## PROMPT:
Return the data exactly, with all pictures removed.

Items from a dataset
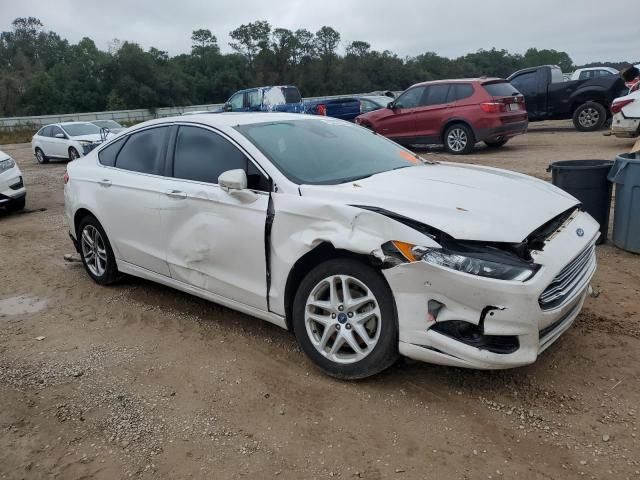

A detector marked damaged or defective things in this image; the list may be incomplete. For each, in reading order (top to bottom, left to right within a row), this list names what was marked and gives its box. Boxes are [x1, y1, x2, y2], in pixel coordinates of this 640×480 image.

shattered windshield [235, 120, 420, 186]
crushed hood [300, 162, 580, 244]
damaged white sedan [65, 112, 600, 378]
broken headlight [388, 240, 536, 282]
crumpled front bumper [384, 211, 600, 372]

## ANSWER TO THIS TASK:
A detector marked damaged or defective things in this image; the list may be incomplete. For each, in reading order (top to bottom, left to right within a row), this list names what was marked and gives its box. Boxes are [x1, y1, x2, y2], in pixel coordinates of this 640×480 image.

shattered windshield [235, 120, 420, 186]
crushed hood [300, 162, 580, 244]
damaged white sedan [65, 112, 600, 378]
broken headlight [388, 240, 536, 282]
crumpled front bumper [384, 211, 600, 372]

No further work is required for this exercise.